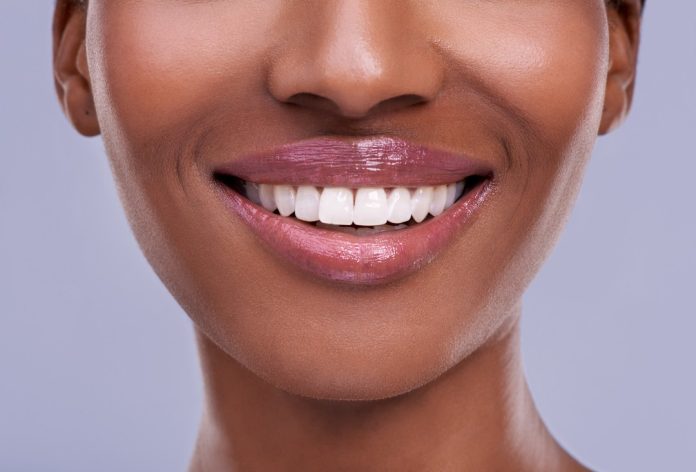 fixing a gummy smile cosmetic dentistry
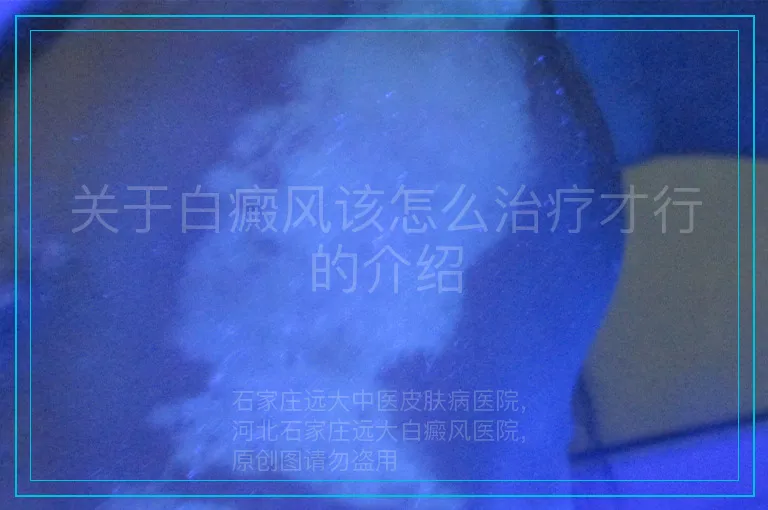 关于白癜风该怎么治疗才行的介绍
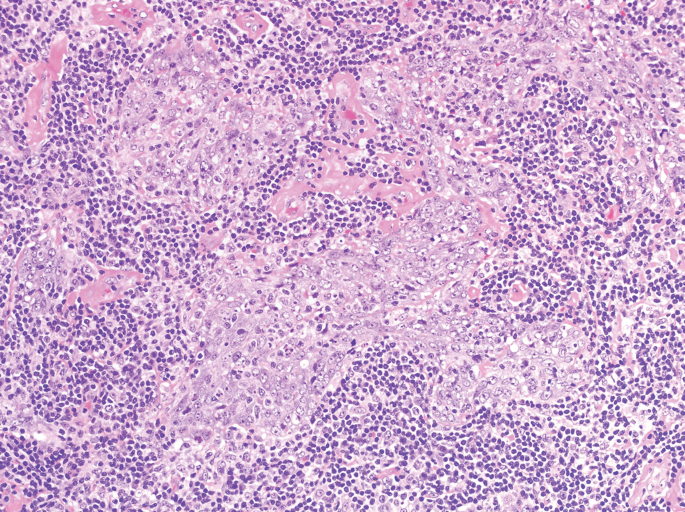 <p>Patient asiatique, tumeur glandes savliaires</p><p>1) Diagnostic</p><p>2) Localisation et population</p><p>3) Histologie</p><p>4) IHC/complément</p><p>5) DD </p>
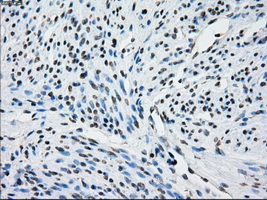 TSC501 / NAT8 Antibody - IHC of paraffin-embedded endometrium tissue using anti-NAT8 mouse monoclonal antibody. (Dilution 1:50).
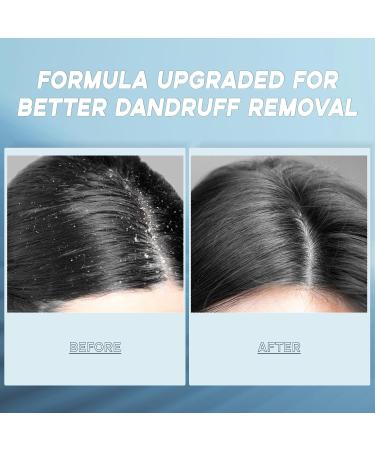 Exfoliating Scalp Scrub Treatment - Sea Salt Coconut Oil & Ginseng for Dandruff Relief | Large 11.99 fl oz | Dry Itchy Flaky Scalp Solution - Buy Online on GoSupps.com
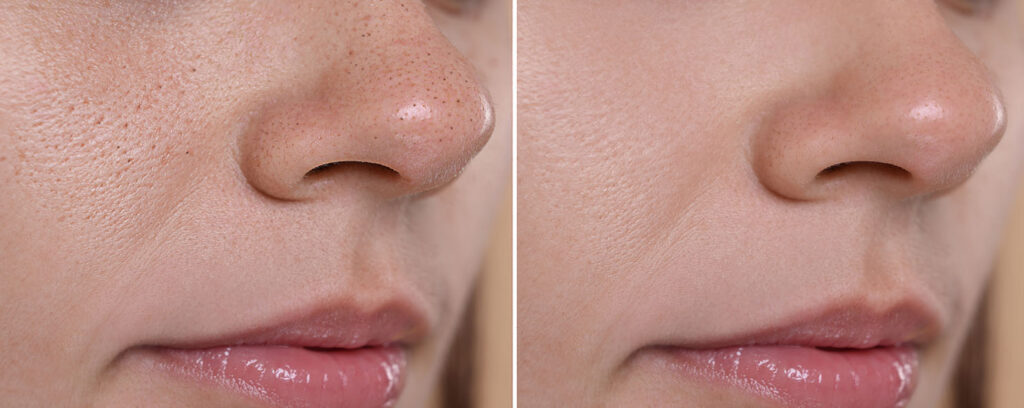 Before and after comparison showing improved skin texture and clarity following a bespoke facial.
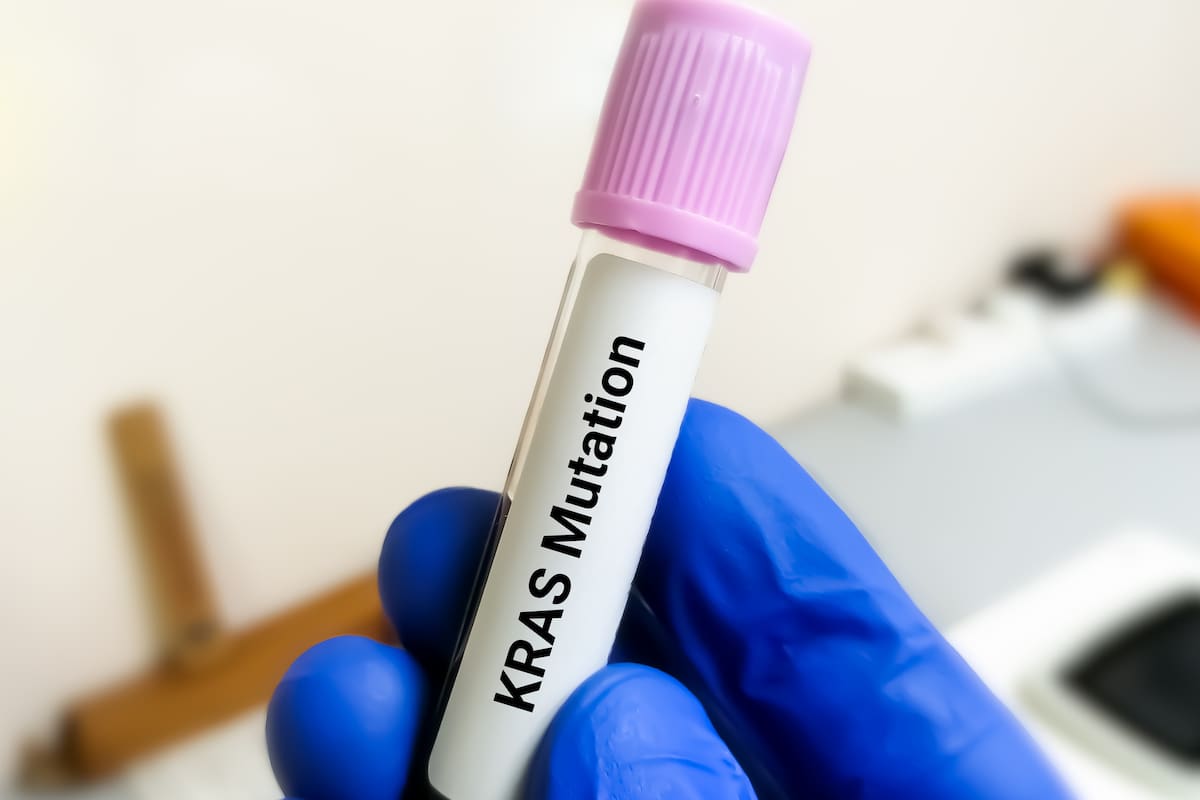 Uno de cada diez tumores está impulsado por mutaciones en el gen KRAS, descubierto en 1982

####################

Copy out the lines above in full and unaltered, apart from the pictures.

◆ WRITTEN RESPONSE
 fixing a gummy smile cosmetic dentistry
 关于白癜风该怎么治疗才行的介绍
 <p>Patient asiatique, tumeur glandes savliaires</p><p>1) Diagnostic</p><p>2) Localisation et population</p><p>3) Histologie</p><p>4) IHC/complément</p><p>5) DD </p>
 TSC501 / NAT8 Antibody - IHC of paraffin-embedded endometrium tissue using anti-NAT8 mouse monoclonal antibody. (Dilution 1:50).
 Exfoliating Scalp Scrub Treatment - Sea Salt Coconut Oil & Ginseng for Dandruff Relief | Large 11.99 fl oz | Dry Itchy Flaky Scalp Solution - Buy Online on GoSupps.com
 Before and after comparison showing improved skin texture and clarity following a bespoke facial.
 Uno de cada diez tumores está impulsado por mutaciones en el gen KRAS, descubierto en 1982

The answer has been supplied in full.